§ Your goal:
Leave out the pictures and repeat exactly the lines from the one containing "MPF abre apuração" through the end of the records.

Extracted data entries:

"""

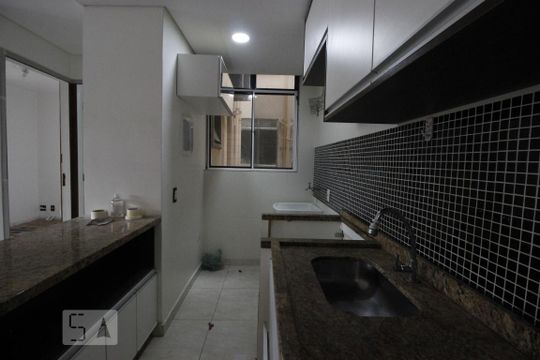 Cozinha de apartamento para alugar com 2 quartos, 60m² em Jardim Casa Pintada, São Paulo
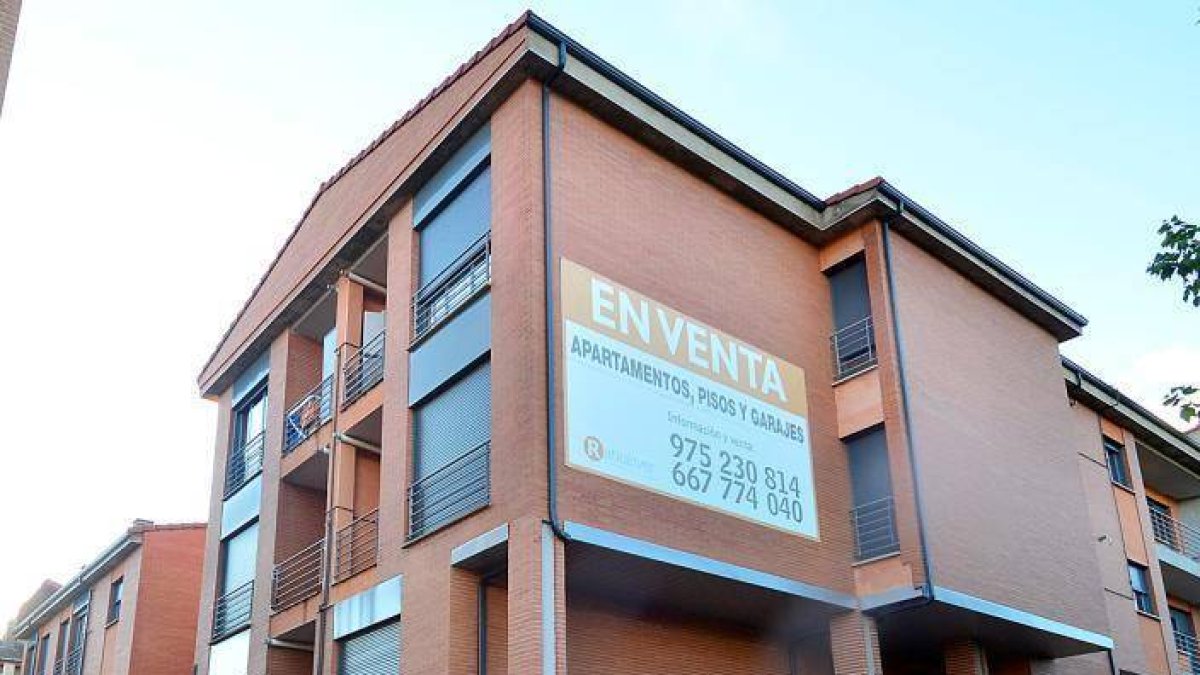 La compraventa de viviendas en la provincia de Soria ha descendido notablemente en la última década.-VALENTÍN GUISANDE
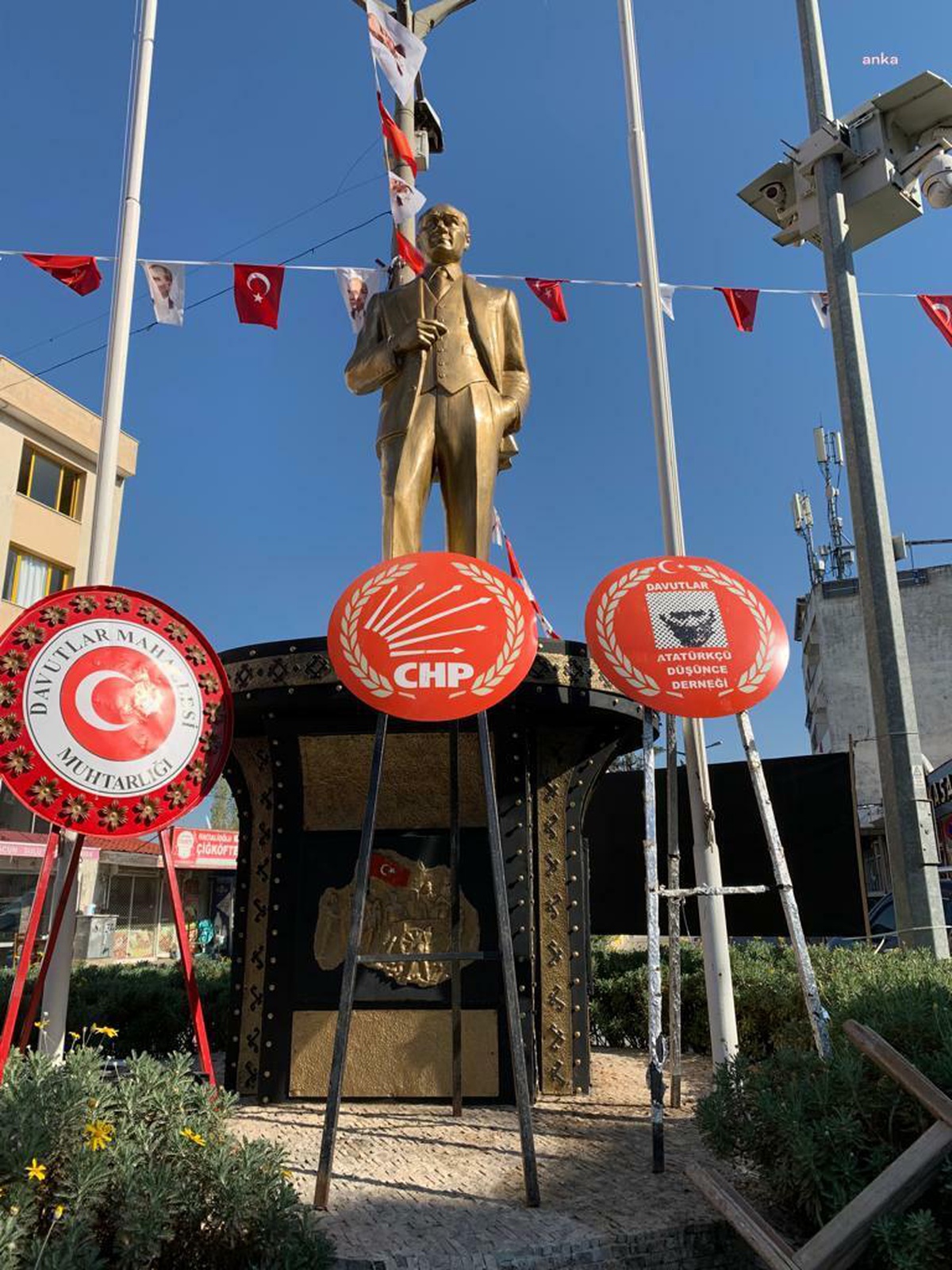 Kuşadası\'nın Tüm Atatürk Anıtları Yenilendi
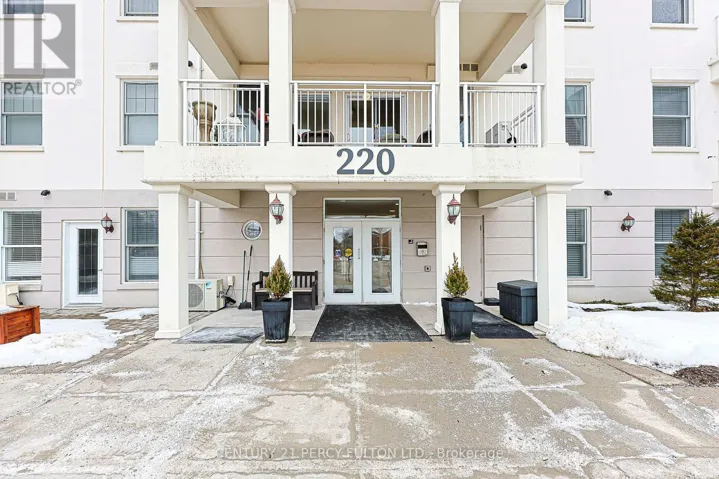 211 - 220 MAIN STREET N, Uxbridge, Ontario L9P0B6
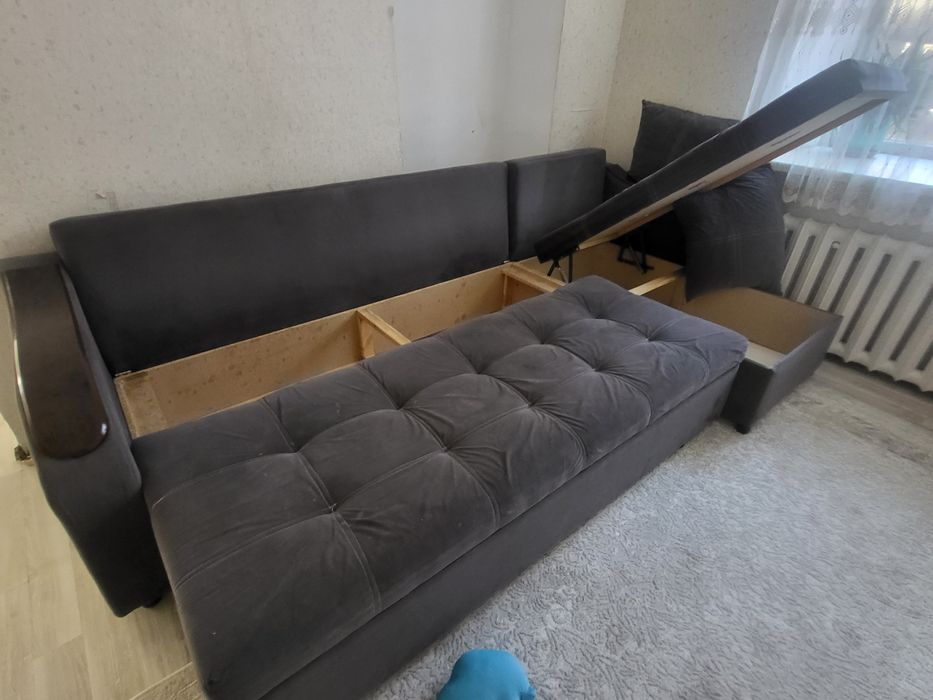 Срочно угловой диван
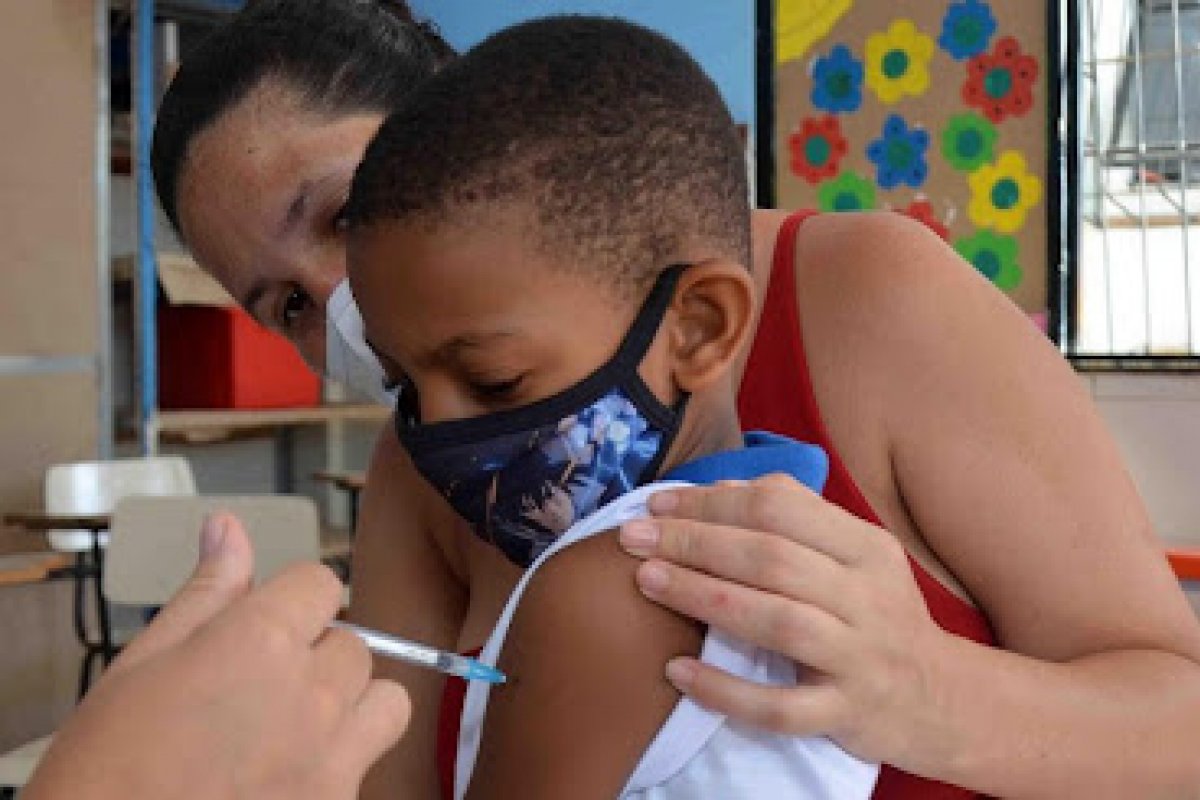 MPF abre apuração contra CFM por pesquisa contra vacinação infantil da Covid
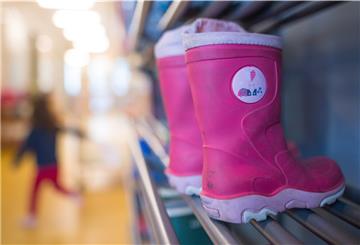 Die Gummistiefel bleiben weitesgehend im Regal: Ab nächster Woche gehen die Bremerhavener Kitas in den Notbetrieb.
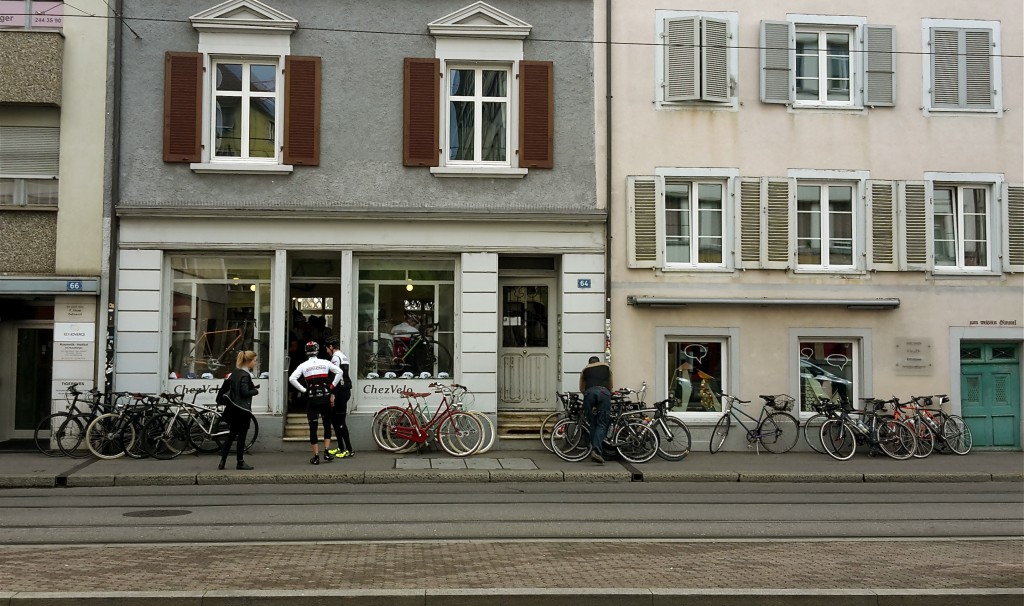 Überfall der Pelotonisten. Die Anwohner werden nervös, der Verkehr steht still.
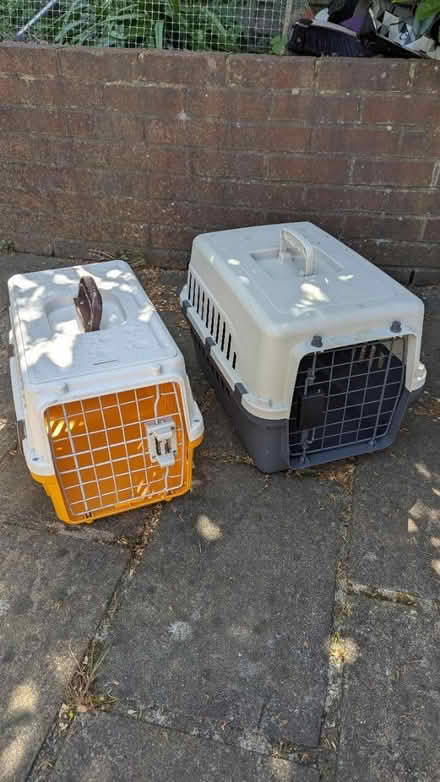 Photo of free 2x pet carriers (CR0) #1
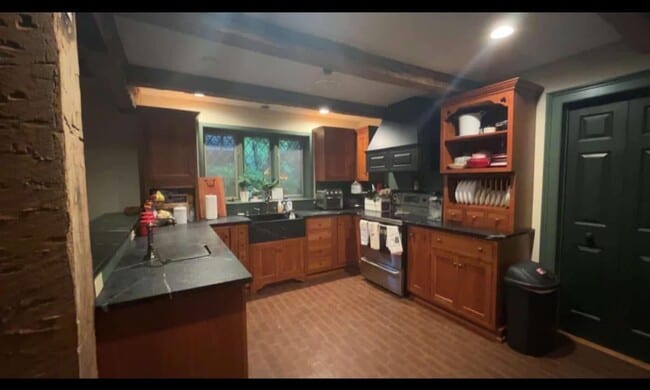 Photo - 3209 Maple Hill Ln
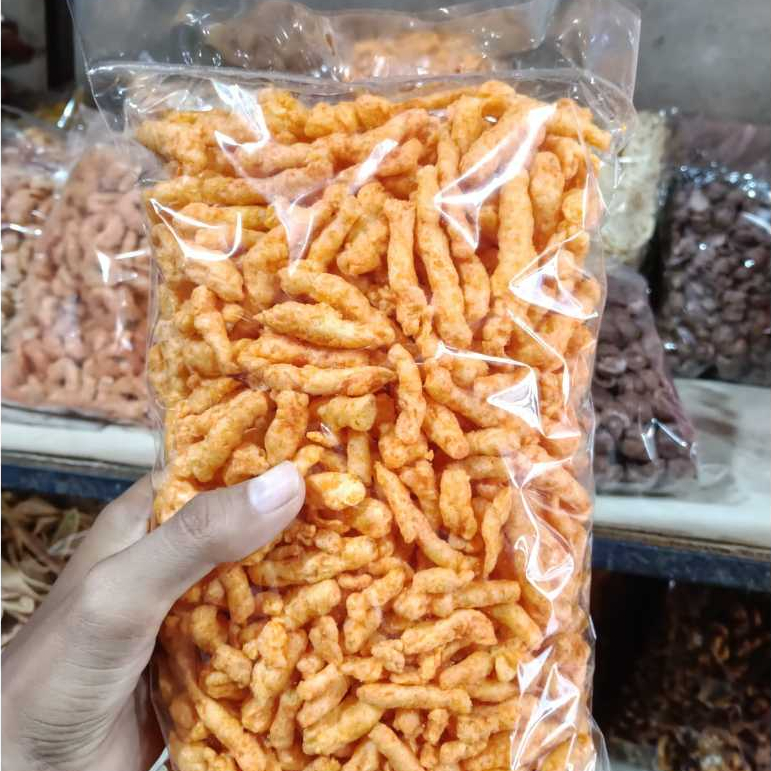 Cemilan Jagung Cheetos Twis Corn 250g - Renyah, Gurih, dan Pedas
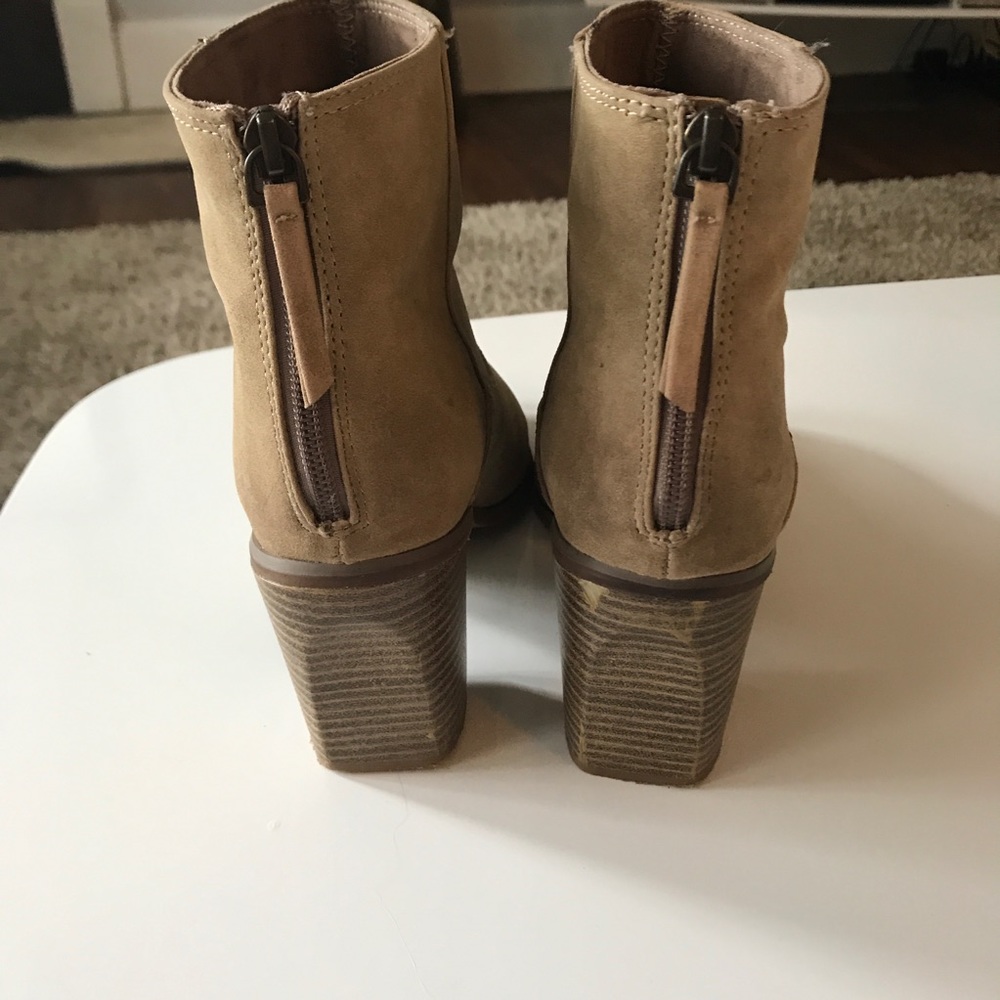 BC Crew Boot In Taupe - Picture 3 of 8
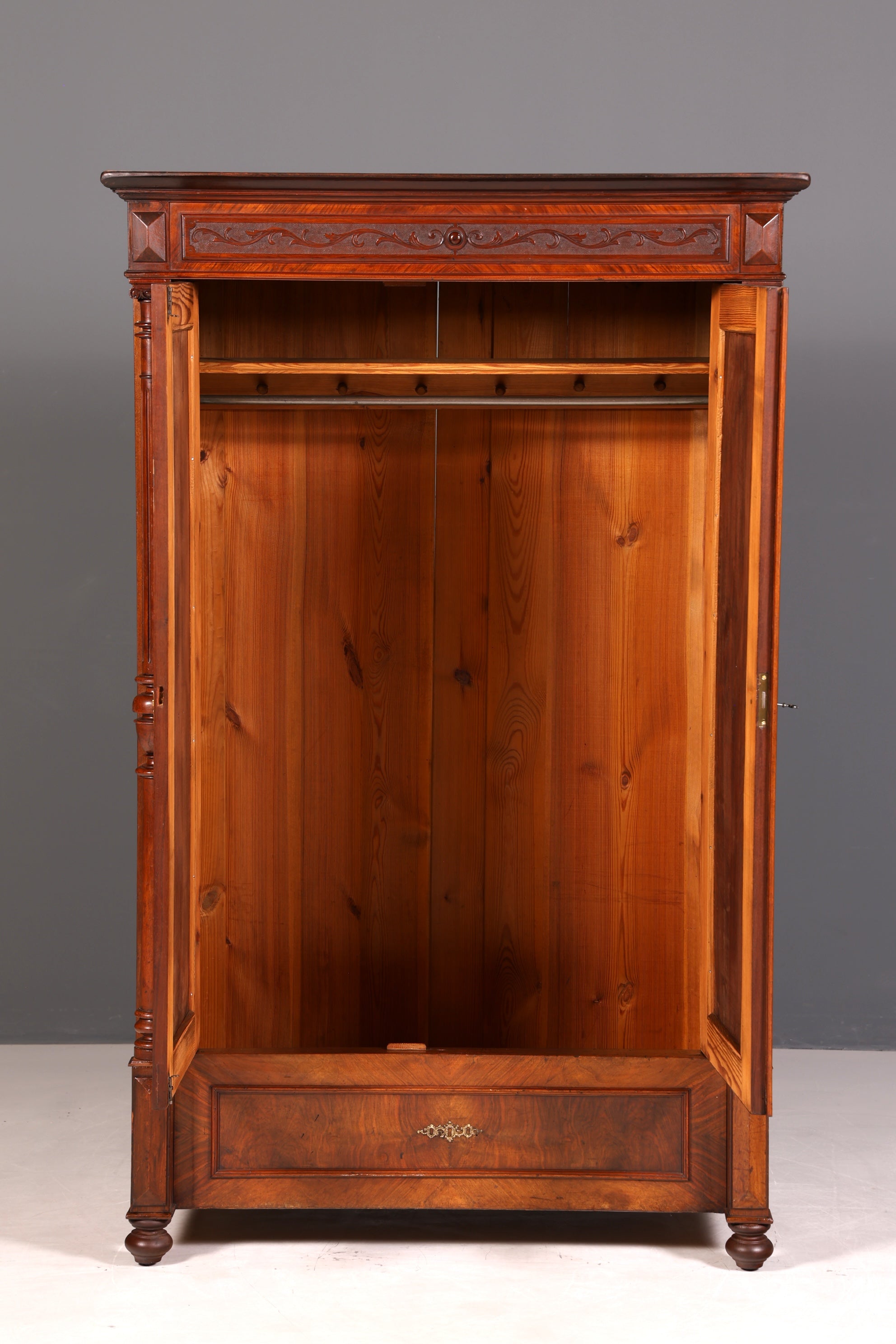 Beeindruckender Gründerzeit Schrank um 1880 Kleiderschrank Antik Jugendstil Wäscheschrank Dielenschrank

"""

§ Problem solution:
 MPF abre apuração contra CFM por pesquisa contra vacinação infantil da Covid
 Die Gummistiefel bleiben weitesgehend im Regal: Ab nächster Woche gehen die Bremerhavener Kitas in den Notbetrieb.
 Überfall der Pelotonisten. Die Anwohner werden nervös, der Verkehr steht still.
 Photo of free 2x pet carriers (CR0) #1
 Photo - 3209 Maple Hill Ln
 Cemilan Jagung Cheetos Twis Corn 250g - Renyah, Gurih, dan Pedas
 BC Crew Boot In Taupe - Picture 3 of 8
 Beeindruckender Gründerzeit Schrank um 1880 Kleiderschrank Antik Jugendstil Wäscheschrank Dielenschrank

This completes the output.